Demikian juga, banyak efek dari penanganan perilaku yang menunjukan proses yang paling awal

memerlukan percobaan yang lebih kompleks. Penyelidik dan terapis di bidang rehabilitasi neuro

menjadi sensitif terhadap isu ini, yang kemudian melaporkan bahwa tikus pada masa awal

dibandingkan menghasilkan cedera neuronal yang berlebihan. Mekanisme dari potensi cedera

meliputi reseptor NMDA yang mengmediasi peningkatan proses setelah cedera otak, dan itu

menunjukan perbandingan yang extrim yang disebabkan setelahnya termasuk tokssitas glutamat.

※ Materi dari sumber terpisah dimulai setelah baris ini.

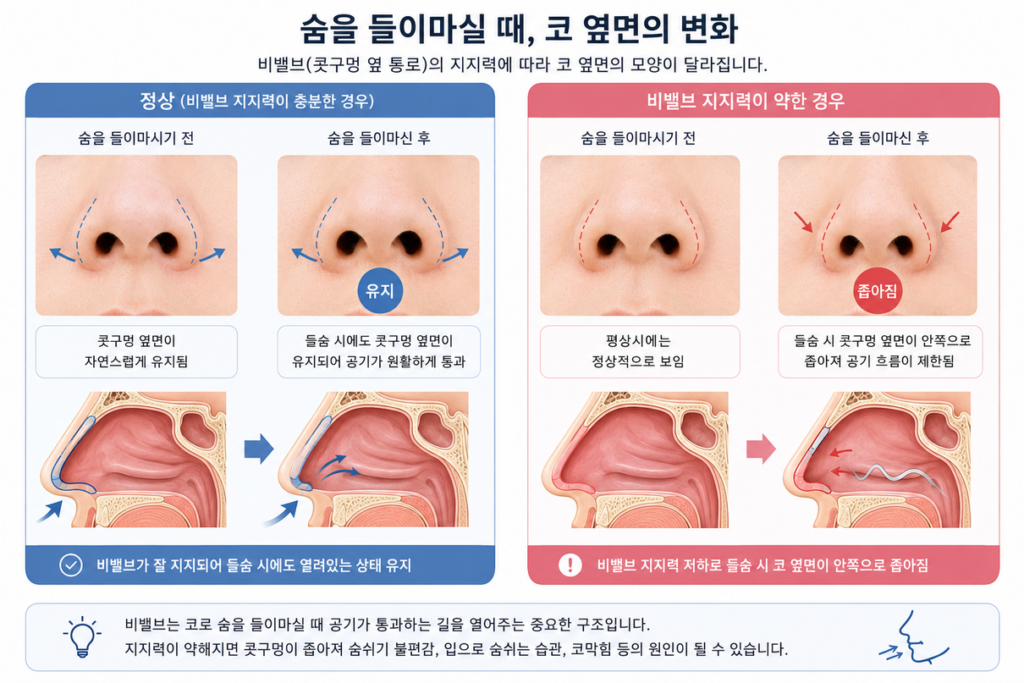 숨을 들이마실 때 코 옆면이 안쪽으로 들어가는 비밸브 협착 설명 이미지
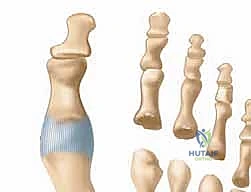 مسامير اللحم والتقرحات في باطن القدم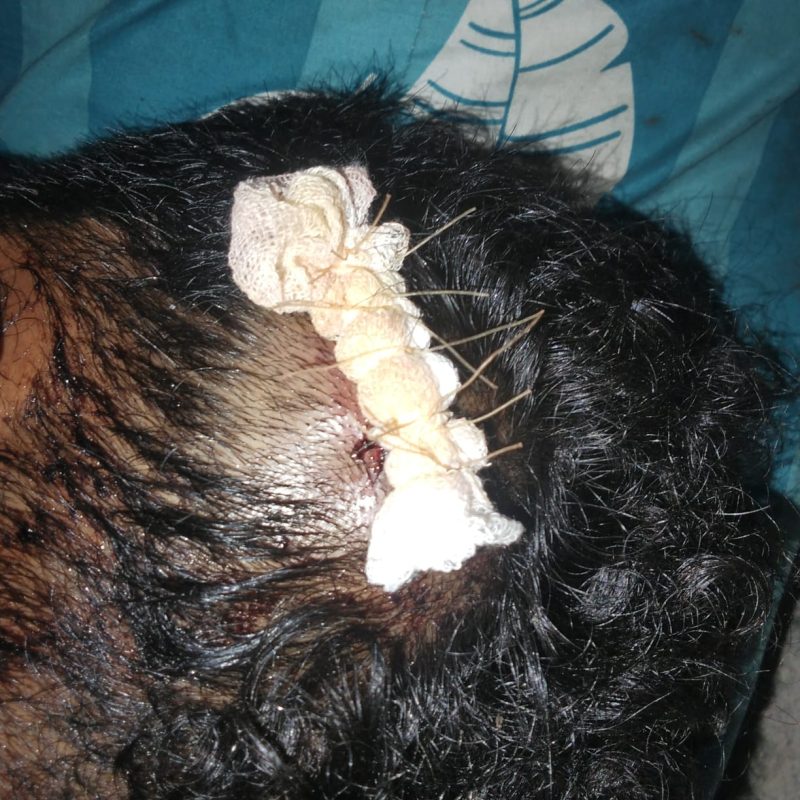 Salah satu Korban pengeroyokan dari kampung Bempo Kec. Lembor pada malam pergantian tahun 2025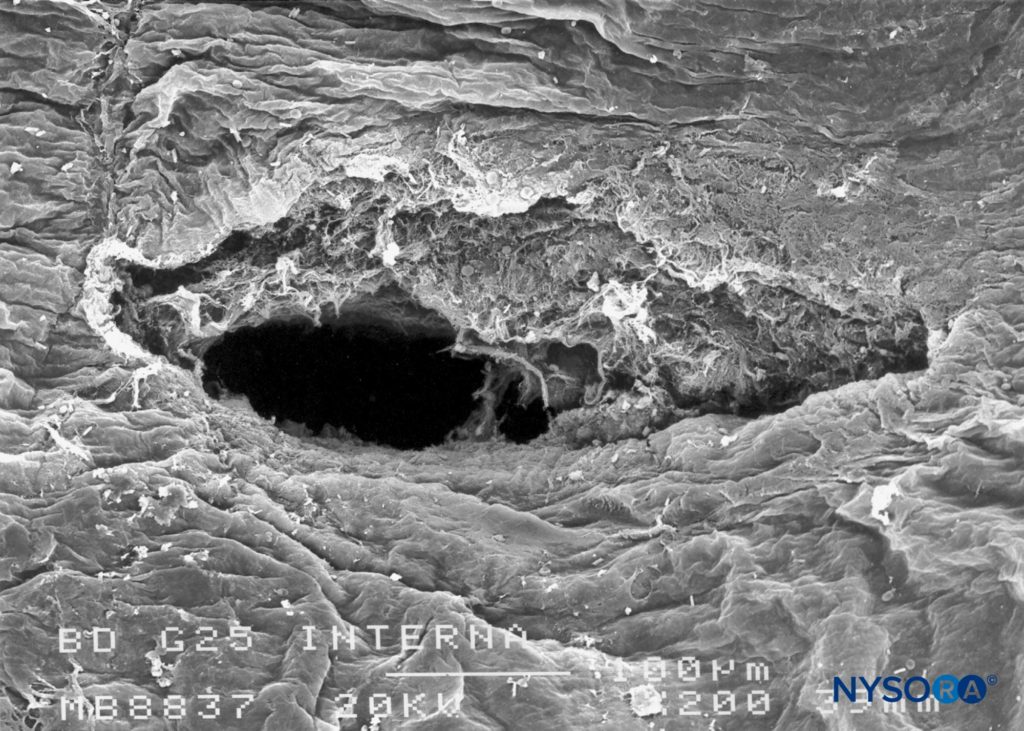 Dura-arachnoid lesion produced with 25-G Whitacre needle. Arachnoid surface. Scanning electron microscopy. Magnification ×200. (Reproduced with permission from Reina MA, López-García A, de Andrés-Ibáñez JA, et al: Electron microscopy of the lesions produced in the human dura mater by Quincke beveled and Whitacre needles. Rev Esp Anestesiol Reanim. 1997 Feb;44(2):56-61.)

Penelitian lainnya mendemonstrasikan volume infark yang lebih kecil dan berkembang pada

penyembuhan tikus dengan MCA selama 28 hari. Penulis juga menemukan peningkatan faktor

neurotropik dan penurunan fak tor apoptosis. Ini mungkin disebabkan bahwa tipe tersebut dan

kebanyakan aktifitas motorik berlangsung pada proses regenerasi pada kematian neuronal selama fase

awal dari cedera otak. Bagaimanapun, yang menjadi catatan adalah tikus yang menjadi percobaan

yang dibandingkan mengangkat relatifitas kesusahan dari keseluruhan proses. Tikus tersebut harus

dibandingkan pada dukungan postural, penampilan, makan, dan pergerakan. Selain itu, fenomena ini

Page 6: Bagian Theo

dilihat secara mendasar namun mendetail, yang mana tidak dapat dilihat pada bentuk pengamatan

latihan.

Penelitian-penelitian berikutnya lebih menggunakan pengoptimalan informasi kedua dari bukti

perilaku. Faktor ini penting bukan hanya untuk memahami keamanan rehabilitasi akut, tapi juga

hubungan respons dosis terhadap protokol rehabilitasi pada periode penanganan setelah stroke.

Hewan percobaan yang digunakan mengalami kesembuhan dengan perilaku yang berbeda, dan

cenderung berlebihan. Ini penting untuk mendefinisikan bahwa pasien stroke dapat mentolelir kondisi

tertentu dan dapat menjadi lebih baik. Pemeriksaan terhadap 18 pasien stroke kronik

mendemonstrasikan jumlah pengulangan terapi upper motor menghasilkan perkembangan fungsi

motor yang signifikan. Analisis yang terbaru secara metaanalisis juga menunjukan bukti yang sama.

Namun, analisa metaanalisis lebih rumit dengan adanya perbedaan dosis yang terkait dan hasil

output. Ini menunjukan bahwa diperlukan hubungan ada fase akut dan kronik untuk mendukung hasil

yang ada.

Rasionalnya, mekanisme ini baru dicoba pada hewan percobaan (non-human) yang mengacu pada

aktifitas molekular dan selular. Namun apakan pengulangan tersebut dapat meningkatkan faktor

neurotropik yang lebih baik? Apakan dapat menambah jumlah kesembuhan sinaptik? Bagaimanapun

juga, hasil dari pemeriksaan klinis, akan menuntun kita pada dosis yang tepat, pengambangan model

neurobiologikal yang sangat penting pada aturan tentang batasan terapi.